Author profiling (PA) is a Natural Language Processing (NLP) task that aims to determine the characteristics of the author(s) of a given text, such as their gender, age, emotional state, personality, among others. AP can be performed on formal and informal textual sources. Formal texts have a certain structure and follow rules while informal texts do not follow rules and are not standardized. A good example of the latter are social networks.

The writing style on social media has special features [10] that make NLP tasks extremely complex processes: the abbreviation rules are not always followed, different use of punctuation marks, new characters are included such as # (hashtag), use of the sign @ to mention users, etc.

Given the importance and the enormous amount of information that is produced daily in social media, it is necessary to have computational methods that allow us to automatically analyze the information generated in these networks.

With the information that people publish and consume in their social media, companies can profile their clients and governments can improve security procedures, for example, identifying potential cases of pedophilia, virtual kidnappings, among others. In fact, the providers of these services already profile users, for example Twitter aims to know the patterns of use and personalization of content. For these reasons, the aim of this work is to develop an automatic gender identification model of Twitter users using transfer learning techniques. We also measure and evaluate the impact of text preprocessing on the accuracy of the author profiling model.
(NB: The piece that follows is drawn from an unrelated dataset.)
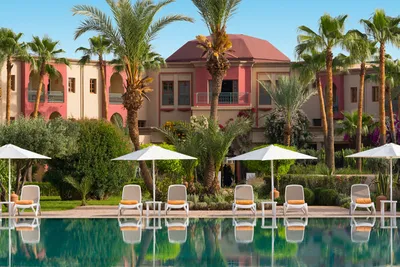 Kappa Club Iberostar Waves Palmeraie Marrakech 4*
The work is presented in 5 sections, including this introduction. Section 2 describes the methods to carry out feature extraction and the machine learning algorithms typically used in AP, in Sect. 3 we introduce the concepts of transfer learning and explain the architecture used in this work, in Sect. 4, the methodology for author profiling and experimental results is presented. The conclusions of this paper are enunciated in the Sect. 5.

2 Related Work

Several supervised learning techniques were used to model author profiles in different text sources. Supervised learning classifiers employ a set of input-output pairs, through which a decision function is learned that associates a class label with a new data within the established classes. Author profiling (AP) consists in identifying the demographic features of the author of a text [6]. These features are those that describe the author in terms of gender, age, level of study, nationality, socio-economic level, among others. So it can be concluded that AP is a multiclass classification problem.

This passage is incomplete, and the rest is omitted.